Updated on 2024-04-30 GMT+08:00

PGXC_WLM_TABLE_DISTRIBUTION_SKEWNESS

PGXC_WLM_TABLE_DISTRIBUTION_SKEWNESS displays data skews of tables in the current database. You can quickly query the storage space skew of all tables in the current database on each node. This view is supported only by clusters of version 8.2.1 or later.

The formula for calculating the skew rate is as follows: Skew rate (SKEW_PERCENT) = (Maximum value – Average value) x 100/Maximum value

Table 1 PGXC_WLM_TABLE_DISTRIBUTION_SKEWNESS columns

Column

Type

Description

schema_name

name

Name of the schema where a table is

table_name

name

Table name

total_size

numeric

Total storage space of a table on all nodes, in bytes

avg_size

numeric(1000,0)

Average storage space of a table on each node, in bytes

max_percent

numeric

Percentage (%) of the maximum storage space of a table on each node to the total storage space

min_percent

numeric

Percentage (%) of the minimum storage space of a table on each node to the total storage space

skew_percent

numeric

Skew rate (%) of a table

  • To use this view to query the storage distribution information of a specified table, you must have the SELECT permission on the table.
  • This function is based on the physical file storage space recorded in the PG_RELFILENODE_SIZE system catalog. Ensure that the GUC parameters use_workload_manager and enable_perm_space are enabled.
  • When you analyze the disk space skew of each table in a database in a large cluster with a large amount of data, the PGXC_WLM_TABLE_DISTRIBUTION_SKEWNESS view delivers better query performance than the gs_table_distribution() function and the PGXC_GET_TABLE_SKEWNESS view. You are advised to use the PGXC_WLM_TABLE_DISTRIBUTION_SKEWNESS view to query the table skew status overview, and then use the gs_table_distribution(schemaname text, tablename text) function to obtain the disk space distribution of a specified table on each node.

Example

You can use the PGXC_WLM_TABLE_DISTRIBUTION_SKEWNESS view to query the table skew status overview, and then use the gs_table_distribution(schemaname text, tablename text) function to obtain the disk space distribution of a specified table on each node.

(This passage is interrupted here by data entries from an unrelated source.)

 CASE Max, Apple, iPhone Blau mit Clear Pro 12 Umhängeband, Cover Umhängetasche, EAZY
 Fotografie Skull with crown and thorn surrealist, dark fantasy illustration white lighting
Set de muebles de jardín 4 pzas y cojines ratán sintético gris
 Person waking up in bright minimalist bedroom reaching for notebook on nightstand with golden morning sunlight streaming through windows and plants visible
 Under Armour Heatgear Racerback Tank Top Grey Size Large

  1. Use the PGXC_WLM_TABLE_DISTRIBUTION_SKEWNESS view to query the table skew status overview.

    tpcds_col=# select * from pgxc_wlm_table_distribution_skewness;

    The query result is as follows:

    The data skew of the dbgen_version table is severe.

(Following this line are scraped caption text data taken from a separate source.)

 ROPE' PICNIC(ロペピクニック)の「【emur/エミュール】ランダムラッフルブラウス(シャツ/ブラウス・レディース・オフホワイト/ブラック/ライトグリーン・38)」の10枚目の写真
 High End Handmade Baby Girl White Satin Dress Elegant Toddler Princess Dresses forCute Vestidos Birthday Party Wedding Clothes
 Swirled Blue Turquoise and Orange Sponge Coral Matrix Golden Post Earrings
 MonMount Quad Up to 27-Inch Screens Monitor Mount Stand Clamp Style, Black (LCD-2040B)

  2. Use the gs_table_distribution(schemaname text, tablename text) function to query the disk space distribution of the dbgen_version table on each node.

    tpcds_col=# select * from gs_table_distribution('public','dbgen_version');

    The query result is as follows:

    According to the preceding information, data skew occurs in the disk space occupied by the table on DNs. Most data is stored on dn_6005_6006.